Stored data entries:
........

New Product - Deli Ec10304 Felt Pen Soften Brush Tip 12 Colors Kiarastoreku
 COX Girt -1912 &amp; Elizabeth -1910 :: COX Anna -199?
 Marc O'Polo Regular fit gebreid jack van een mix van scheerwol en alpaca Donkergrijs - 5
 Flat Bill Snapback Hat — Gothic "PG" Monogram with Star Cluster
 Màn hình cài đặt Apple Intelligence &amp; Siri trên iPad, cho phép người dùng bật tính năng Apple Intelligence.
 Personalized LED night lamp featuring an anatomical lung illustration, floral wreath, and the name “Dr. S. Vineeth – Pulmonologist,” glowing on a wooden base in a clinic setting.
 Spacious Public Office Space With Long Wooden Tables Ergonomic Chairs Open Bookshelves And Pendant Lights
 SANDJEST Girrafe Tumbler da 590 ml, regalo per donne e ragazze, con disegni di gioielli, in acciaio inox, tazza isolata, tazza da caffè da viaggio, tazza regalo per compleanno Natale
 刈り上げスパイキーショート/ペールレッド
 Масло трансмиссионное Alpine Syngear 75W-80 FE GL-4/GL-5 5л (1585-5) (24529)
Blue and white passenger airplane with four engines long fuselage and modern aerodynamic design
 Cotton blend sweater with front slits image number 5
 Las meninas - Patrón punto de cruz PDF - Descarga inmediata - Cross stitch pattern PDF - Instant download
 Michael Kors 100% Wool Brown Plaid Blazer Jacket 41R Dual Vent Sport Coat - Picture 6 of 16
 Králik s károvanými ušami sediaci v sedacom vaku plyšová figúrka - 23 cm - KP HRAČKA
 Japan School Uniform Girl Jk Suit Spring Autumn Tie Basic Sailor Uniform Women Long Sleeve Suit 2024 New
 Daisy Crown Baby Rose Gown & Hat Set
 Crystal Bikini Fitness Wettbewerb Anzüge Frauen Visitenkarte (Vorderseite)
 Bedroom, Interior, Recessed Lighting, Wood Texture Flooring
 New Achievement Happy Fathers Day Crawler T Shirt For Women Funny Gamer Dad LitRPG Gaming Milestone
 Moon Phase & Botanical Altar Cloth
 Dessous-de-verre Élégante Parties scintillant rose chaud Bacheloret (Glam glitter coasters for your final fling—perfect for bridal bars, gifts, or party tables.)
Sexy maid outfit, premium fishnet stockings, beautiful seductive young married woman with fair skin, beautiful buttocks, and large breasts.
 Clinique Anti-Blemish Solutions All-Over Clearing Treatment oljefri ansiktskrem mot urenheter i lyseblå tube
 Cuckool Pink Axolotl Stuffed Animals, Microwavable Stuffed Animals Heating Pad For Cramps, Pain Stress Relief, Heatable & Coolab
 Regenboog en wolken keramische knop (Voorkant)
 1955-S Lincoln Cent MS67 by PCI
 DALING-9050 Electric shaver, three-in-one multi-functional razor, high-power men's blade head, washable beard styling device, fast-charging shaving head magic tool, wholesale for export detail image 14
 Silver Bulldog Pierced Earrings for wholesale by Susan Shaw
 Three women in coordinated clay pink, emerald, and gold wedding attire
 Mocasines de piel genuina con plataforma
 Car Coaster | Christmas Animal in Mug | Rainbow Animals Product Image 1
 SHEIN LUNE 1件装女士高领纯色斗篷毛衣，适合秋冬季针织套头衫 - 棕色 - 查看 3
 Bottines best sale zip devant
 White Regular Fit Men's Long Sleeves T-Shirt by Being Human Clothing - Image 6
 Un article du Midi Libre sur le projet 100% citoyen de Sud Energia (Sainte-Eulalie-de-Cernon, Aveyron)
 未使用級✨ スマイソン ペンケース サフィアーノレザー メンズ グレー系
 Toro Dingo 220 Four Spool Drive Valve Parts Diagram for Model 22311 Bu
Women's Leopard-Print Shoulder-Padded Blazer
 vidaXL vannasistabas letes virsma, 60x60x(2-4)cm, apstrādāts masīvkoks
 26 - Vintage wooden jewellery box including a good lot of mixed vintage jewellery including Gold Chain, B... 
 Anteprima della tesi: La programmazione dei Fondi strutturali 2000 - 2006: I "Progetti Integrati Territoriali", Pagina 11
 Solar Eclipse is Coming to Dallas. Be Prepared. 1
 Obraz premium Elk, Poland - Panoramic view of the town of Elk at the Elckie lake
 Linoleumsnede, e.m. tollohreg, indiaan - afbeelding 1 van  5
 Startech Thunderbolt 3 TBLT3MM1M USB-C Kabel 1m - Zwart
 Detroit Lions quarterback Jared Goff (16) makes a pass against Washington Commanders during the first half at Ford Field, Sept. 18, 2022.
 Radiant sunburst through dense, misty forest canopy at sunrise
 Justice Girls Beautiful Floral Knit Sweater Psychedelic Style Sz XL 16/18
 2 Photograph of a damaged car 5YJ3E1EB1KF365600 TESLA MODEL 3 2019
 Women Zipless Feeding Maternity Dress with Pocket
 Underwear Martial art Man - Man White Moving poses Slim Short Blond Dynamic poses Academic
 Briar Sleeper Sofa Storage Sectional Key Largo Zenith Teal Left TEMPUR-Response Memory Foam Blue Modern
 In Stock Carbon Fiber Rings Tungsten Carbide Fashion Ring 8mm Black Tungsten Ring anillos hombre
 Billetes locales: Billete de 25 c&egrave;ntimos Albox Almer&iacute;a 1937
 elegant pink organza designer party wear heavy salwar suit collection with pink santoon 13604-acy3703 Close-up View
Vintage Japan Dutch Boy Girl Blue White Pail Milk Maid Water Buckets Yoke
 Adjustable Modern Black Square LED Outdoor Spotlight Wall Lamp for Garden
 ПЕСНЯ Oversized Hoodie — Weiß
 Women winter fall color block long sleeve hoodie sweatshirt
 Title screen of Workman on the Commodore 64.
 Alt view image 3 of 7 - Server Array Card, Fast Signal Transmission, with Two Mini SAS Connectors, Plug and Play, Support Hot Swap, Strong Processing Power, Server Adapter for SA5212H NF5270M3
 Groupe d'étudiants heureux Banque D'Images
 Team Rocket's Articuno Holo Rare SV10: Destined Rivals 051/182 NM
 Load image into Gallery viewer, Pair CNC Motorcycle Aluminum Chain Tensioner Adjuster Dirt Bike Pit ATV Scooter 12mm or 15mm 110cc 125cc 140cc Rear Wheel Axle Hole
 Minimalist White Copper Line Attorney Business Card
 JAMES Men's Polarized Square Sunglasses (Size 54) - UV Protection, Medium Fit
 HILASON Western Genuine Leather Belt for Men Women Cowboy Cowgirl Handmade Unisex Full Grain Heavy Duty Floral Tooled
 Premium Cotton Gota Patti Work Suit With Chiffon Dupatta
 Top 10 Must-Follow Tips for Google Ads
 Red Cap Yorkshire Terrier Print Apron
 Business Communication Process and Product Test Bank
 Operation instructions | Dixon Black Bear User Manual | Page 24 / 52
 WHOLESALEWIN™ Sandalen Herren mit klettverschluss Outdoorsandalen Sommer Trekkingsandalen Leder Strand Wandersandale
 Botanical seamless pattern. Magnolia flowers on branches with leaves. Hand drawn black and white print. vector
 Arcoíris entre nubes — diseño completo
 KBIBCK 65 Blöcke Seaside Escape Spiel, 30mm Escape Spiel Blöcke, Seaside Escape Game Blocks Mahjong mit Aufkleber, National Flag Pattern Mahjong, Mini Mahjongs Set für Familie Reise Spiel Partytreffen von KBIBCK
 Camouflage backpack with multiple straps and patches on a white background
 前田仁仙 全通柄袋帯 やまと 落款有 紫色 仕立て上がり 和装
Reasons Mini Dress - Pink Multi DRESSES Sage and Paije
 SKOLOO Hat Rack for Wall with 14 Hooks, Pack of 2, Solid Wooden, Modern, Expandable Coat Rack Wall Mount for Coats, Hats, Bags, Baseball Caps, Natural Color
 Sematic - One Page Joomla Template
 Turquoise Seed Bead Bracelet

........

Copy out the entries above exactly as given, starting at the top and ending with the line containing "Dessous-de-verre Élégante Parties"; include both and nothing more.

Reply:
New Product - Deli Ec10304 Felt Pen Soften Brush Tip 12 Colors Kiarastoreku
 COX Girt -1912 &amp; Elizabeth -1910 :: COX Anna -199?
 Marc O'Polo Regular fit gebreid jack van een mix van scheerwol en alpaca Donkergrijs - 5
 Flat Bill Snapback Hat — Gothic "PG" Monogram with Star Cluster
 Màn hình cài đặt Apple Intelligence &amp; Siri trên iPad, cho phép người dùng bật tính năng Apple Intelligence.
 Personalized LED night lamp featuring an anatomical lung illustration, floral wreath, and the name “Dr. S. Vineeth – Pulmonologist,” glowing on a wooden base in a clinic setting.
 Spacious Public Office Space With Long Wooden Tables Ergonomic Chairs Open Bookshelves And Pendant Lights
 SANDJEST Girrafe Tumbler da 590 ml, regalo per donne e ragazze, con disegni di gioielli, in acciaio inox, tazza isolata, tazza da caffè da viaggio, tazza regalo per compleanno Natale
 刈り上げスパイキーショート/ペールレッド
 Масло трансмиссионное Alpine Syngear 75W-80 FE GL-4/GL-5 5л (1585-5) (24529)
Blue and white passenger airplane with four engines long fuselage and modern aerodynamic design
 Cotton blend sweater with front slits image number 5
 Las meninas - Patrón punto de cruz PDF - Descarga inmediata - Cross stitch pattern PDF - Instant download
 Michael Kors 100% Wool Brown Plaid Blazer Jacket 41R Dual Vent Sport Coat - Picture 6 of 16
 Králik s károvanými ušami sediaci v sedacom vaku plyšová figúrka - 23 cm - KP HRAČKA
 Japan School Uniform Girl Jk Suit Spring Autumn Tie Basic Sailor Uniform Women Long Sleeve Suit 2024 New
 Daisy Crown Baby Rose Gown & Hat Set
 Crystal Bikini Fitness Wettbewerb Anzüge Frauen Visitenkarte (Vorderseite)
 Bedroom, Interior, Recessed Lighting, Wood Texture Flooring
 New Achievement Happy Fathers Day Crawler T Shirt For Women Funny Gamer Dad LitRPG Gaming Milestone
 Moon Phase & Botanical Altar Cloth
 Dessous-de-verre Élégante Parties scintillant rose chaud Bacheloret (Glam glitter coasters for your final fling—perfect for bridal bars, gifts, or party tables.)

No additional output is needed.